Examples of Assessment
National Science Foundation: Evaluation and Assessment Capability (EAC) supports NSF decision-makers by studying programs and activities and their impact on the people who participate in and benefit from NSF investments. EAC also provides centralized resources and guidance for data collection, analysis, evaluation design, surveys, and enterprise analytics. EAC engages stakeholders in identifying learning priorities which drive a broad portfolio of projects that use qualitative and quantitative methods, from simple descriptive analysis to advances in modeling, network analysis, and machine learning. (Source: NSF 2024)
United States Department of Agriculture (USDA) provides an excellent Evaluation Framework (see pages 38-41) and examples of analysis.

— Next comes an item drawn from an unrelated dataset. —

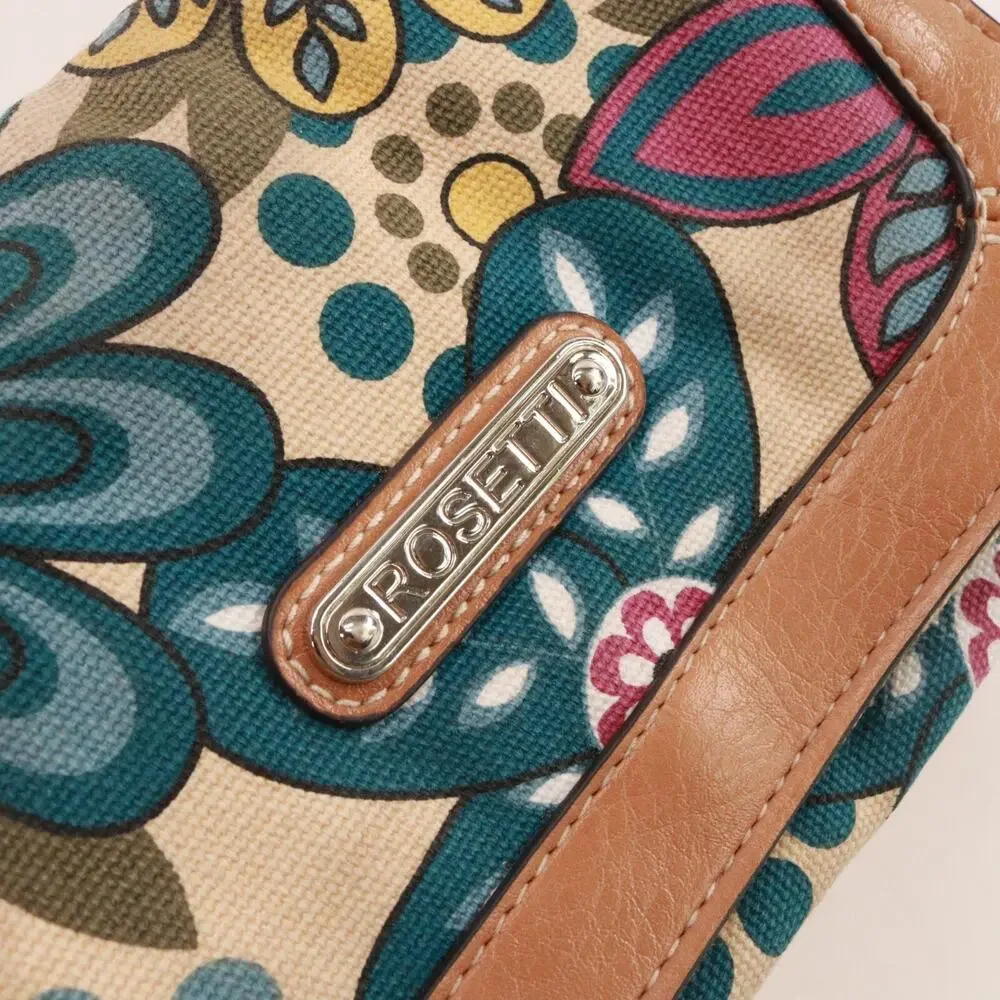 Rosetti Crossbody Handbag Women Multicolor Teal Brown Floral Lined Purse Bag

The framework could be adapted to other evaluations as it applies to a wider range of projects.
The National Institutes of Health (NIH) will use the Simplified Peer Review Framework and the Guidance: Rigor and Reproducibility in Grant Applications as important KPIs.
A good example and guidance can be found at Project Evaluation Plan Samples for a Rural Health Network Development Program.
An example of a Logic Model may be found here (requires Penn State SSO credential)
We are happy to provide access to some internal examples of assessment plans for large, complex grant proposals that have received great feedback from the reviewers. Please contact us directly until we can provide those directly through a Penn State access wall.
Disclaimer: Use provided examples only as additional guidance. Each funding agency will have its own guidelines for assessment that will take priority. Your assessment lead should start from that information and follow it closely.